Why is the distributed model important? The first observation is that Wikipedia is a general encyclopedia, not particularly specialized in one subject. It doesn’t necessarily mean Wikipedia articles are inferior to expert’s one, but it does miss one fact: notability is subjective. Having a concrete notability criterion (repeating myself, it is still quite flexible) is good for Wikipedia’s original purpose. But is a non-notable subject really not notable? Many specialized encyclopedias (e.g. Wookeepedia) contain lots of subjects which would be not notable in Wikipedia, but are in fact notable in themselves! Wikipedia misses lots of specialized knowledges which may be notable in some aspect, so it fails to capture all of human knowledge.
The second observation is that we already have lots of wiki-based encyclopedias and they are mostly isolated to each other. Have you seen any case that one encyclopedia extensively links to other encyclopedia, and vice versa? I’d bet not. There were an interwiki and sisterwiki that are used for exactly same purpose, but they are mostly ignored nowadays and turns out to be very ineffective. I think Wikia has a similar system for Wikia wikis (with MediaWiki’s interwiki facility), but as far as I know it is seldom used too. Moreover it turns out that many encyclopedias don’t link to Wikipedia articles either, despite Wikipedia is very well known and quite stable for purpose of link.
The third observation is that a collaborative encyclopedia project is also a community. An online community is a kind of pain to manage and becomes a disaster when it gets bigger and larger.

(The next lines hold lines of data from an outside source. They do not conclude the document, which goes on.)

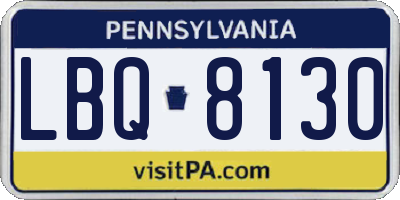 PA license plate LBQ8130
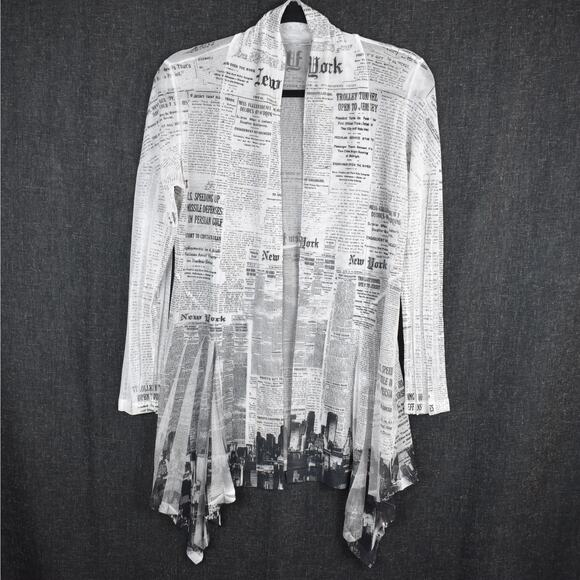 Cover Charge White Mesh Cardigan New York Newspaper Print Maximalist size SMALL - Picture 1 of 9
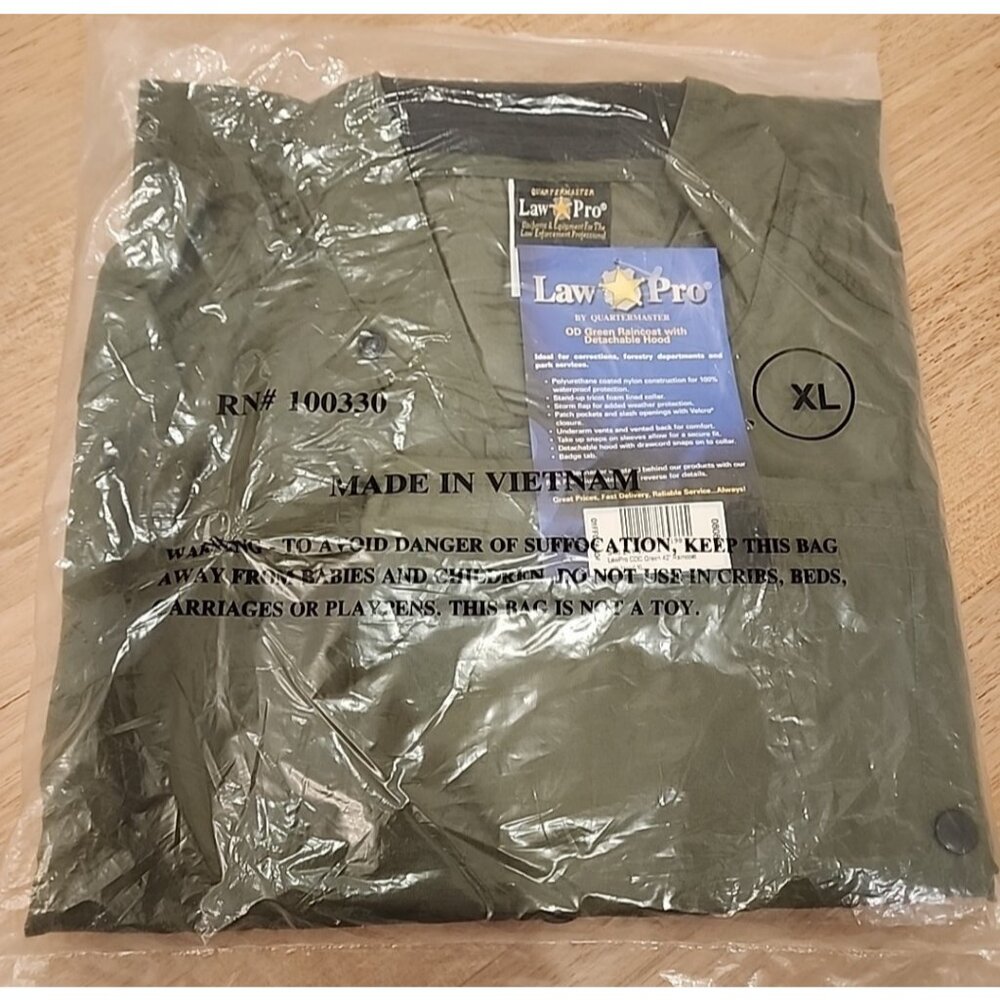 LawPro size XL 42" Raincoat safety jacket w hood vented green 3/4 length new men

Wikipedia editors, for instance, have one common interest, contributing to a particular subject, but except for that they have nothing in common. A conflict between two parties may dissolve the entire community, split the community in half, or forbid new users during the conflict. For an encyclopedia project, however, it is hard to split the community since one cannot efficiently fork the project; Wikipedia does have a dump but still hard to get all things right. Have you ever heard of Conservpedia which completely failed to fork the project, thus started from scratch and became a piece of shit of Internet?

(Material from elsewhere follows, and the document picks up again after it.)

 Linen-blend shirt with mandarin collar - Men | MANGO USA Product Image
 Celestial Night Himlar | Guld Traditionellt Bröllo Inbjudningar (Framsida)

These observations lead me to the important conclusion: Wikipedia, or other current model of wiki-based encyclopedia, is undesirable for collecting the entire human knowledge. They may be useful for collecting some of the human knowledge (as they have shown), but then how about the others? Therefore we need more strong relationship between individual wikis, more effective forking mechanism, and a systematic policy to encourage them. Ideally speaking the community of one wiki has to be small, as small as one person (“individual encyclopedia”). A community may choose to write every articles from scratch (much like the way I prefer) or write some relevant articles and refers other articles in other wiki. Here the reference is not same to a link, as we need a resilience of referred articles (when the other wiki cease to exist or corrupt the article) and a capability to backtrack the reference (much like backlink in wiki). Someone may choose to fork some wiki, but it should cause only a reasonable amount of traffic; possibly the software may copy articles spontaneously and intelligently, minimizing the peak traffic.
Yeah, that is untested and not guaranteed to work. I don’t know there is a solution that fulfills these requirements with many loosely interconnected wikis too; for example the traffic requirement rules out most DVCSes. But still I’m confident that my observations are valid. First of all, is it sane that the important piece of human knowledge relies on the centralized mechanism only, or not?!